She quivered again. “As many as you want.”

Chapter 23

Sam nudged Becca back above deck, his eyes on her sweet ass as it moved up the narrow stairs in front of him, his mind on how she’d smiled at him when she’d first seen him. She’d been happy to see him.

He’d had women be happy to see him before. He’d had women want him. But that wanting had usually been purely sexual in nature, and although he’d reciprocated, he hadn’t spent too much time delving deeper.

Becca was different. He liked her in a bathing suit, no doubt. He also liked her with their clients. He liked her with his partners.

He liked her.

He was so lost in thought that he didn’t realize when Becca stopped, frozen in her tracks at the sight of the guy standing on the docks staring at them.

“Jase,” he heard her whisper.

Jase had gone still as stone as well. “Hey, sis.”

Becca glanced back at Sam, a look on her face that he couldn’t quite interpret. “Sorry,” she said softly. “But I’ve got to talk to him.”

Sam got that she wanted privacy for this reunion, and he should have left the area.

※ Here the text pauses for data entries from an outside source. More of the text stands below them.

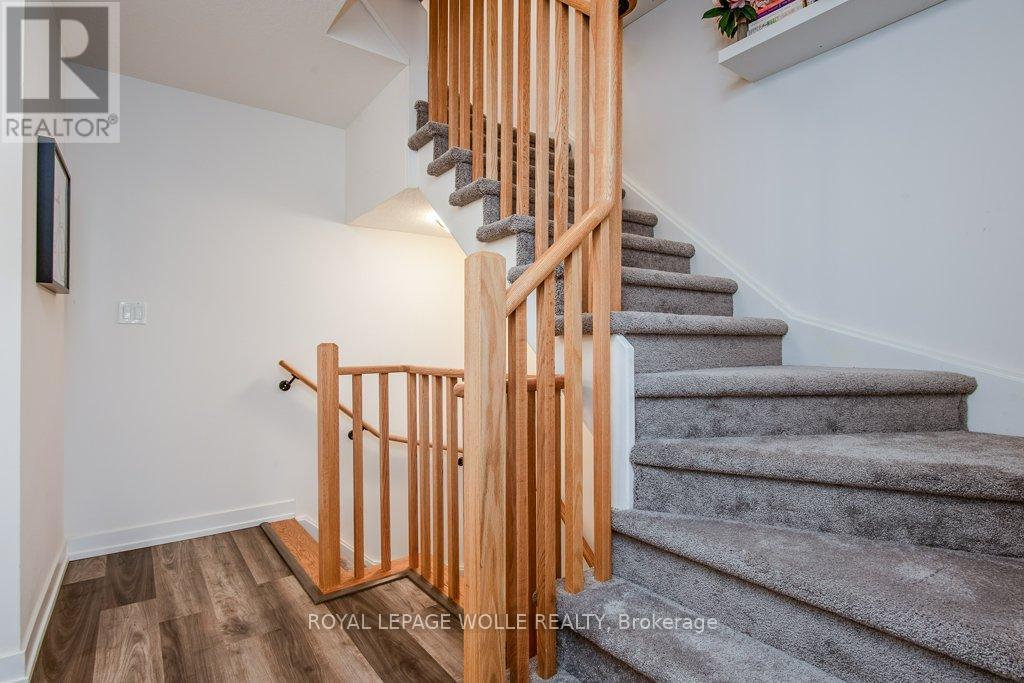 












E11 - 20 PALACE STREET

,
Kitchener,




Ontario
N2E0J3

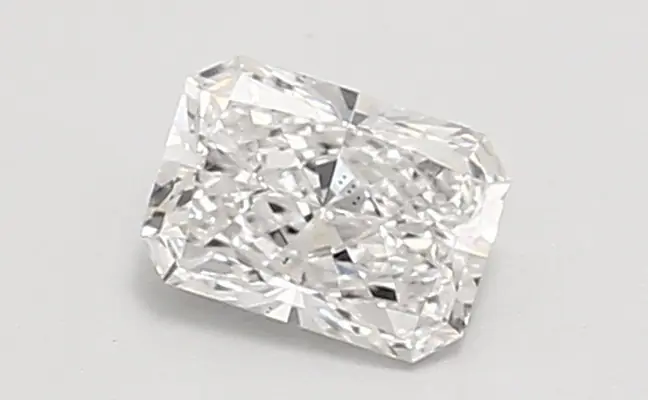 0.59ct E VS2 Radiant (IGI)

But f**k that. He didn’t get off the boat, but instead busied himself with the ropes, an ear cocked to the conversation behind him.

That was the thing about water. Sound carried. Voices carried. From the middle of the harbor on a still day, he’d once heard a conversation between two illicit lovers in a cove, clear as a bell.

“How did you find me?” Becca asked.

“Remember how you made me upload that Find Your Friends app so you could always see where I was?” he asked. “That thing goes both ways.”

Becca stared at him. “So all this time I thought I was free, you knew exactly where I was. Why are you here, Jase?”

“Maybe I missed you,” he said.

Becca stared into her brother’s face, looking like she didn’t buy that excuse one bit. “Your eyes aren’t yours,” she finally said.

“What the hell does that mean?” Jase asked.

Becca stared at him for another beat, then took a step back, her voice shaky. “Damn you, Jase. You promised.”

At this, Jase shoved his hands into his pockets and hunched his shoulders, staring out on the water, mouth grim. “Yeah, well, you know I’ve never been good at keeping promises.”

She made a sound of disbelief. “So that’s it, your whole explanation?” she asked. “You’re not good at promises, so that frees you up to not keep them? For God’s sake, Jase, grow up!”

Sam couldn’t help but think of his dad. Becca had been nothing but accepting of his dad. It told him there was much more to this story.

Jase closed his eyes, like looking at her was too painful. “I’ve never been as strong as you,” he said. “You expecting different from me is like . . . believing in Santa Claus until sixth grade.”

Becca let out a mirthless laugh. “I didn’t believe in Santa that long,” she said. “I only pretended—for you.”

Jase’s gaze snapped to Becca’s.

“Yeah,” she said. “You wanted to believe so bad, I kept up the pretense. For you. You idiot.” She gave him a shove that might have landed him in the water if he hadn’t been on his toes.

“Jesus, Bex.”

“You promised me,” she said fiercely with another shove. “You promised me you could do this, get through rehab, stay clean. You wanted a life, you said, your own life. You weren’t going to need me, lean on me; you were going to do this on your own.”

“And you said you were drowning from trying to save me,” Jase snapped, just as fiercely. “You said you couldn’t breathe. Christ, Bex, what was I supposed to do with that?”

“So you lied to me?”

“No. No,” he repeated when Becca made a sound of soft angst, and then he reached for her.

She evaded, stabbing a finger into his chest. “I tried to save you,” she said. “God, I tried. For years, Jase.”

“I know,” her brother whispered.

Another sound ripped from Becca’s throat and tore Sam in two. This was killing her slowly, and he wanted, needed, to fix it for her.

“So why are you here?” Becca asked her brother. “Why now?”

Jase looked away.

“Truth, Jase,” she implored. “You owe me that.”

He nodded, a muscle twitching in his jaw. “My concert’s tonight, in Seattle. I was hoping to get my big sis to play with me.”

“Oh, my God. You’re kidding, right?” She stared into her brother’s face and let out another mirthless laugh. “You’re not kidding. You actually think I can—” She laughed again and bent over at the waist. “My throat’s closing up,” she said to her knees. “Hopefully I’ll suffocate quick.”

Jase actually smiled. “Still dramatic.”

Becca whipped upright, eyes flashing at him. “Don’t do that. Don’t you dare make me feel like it’s all in my head.”

“It is all in your head,” Jase said. “That’s what stage fright is. Ignore it.”

“You can’t ignore a panic attack,” she said through her teeth.


“No. Damn it! See, this is why I left. Look, I get that you don’t believe in panic, that you never even feel nerves before a show at all. I don’t know if that’s because you truly never get nervous or if you’ve been self-medicating so long that you can’t feel it!”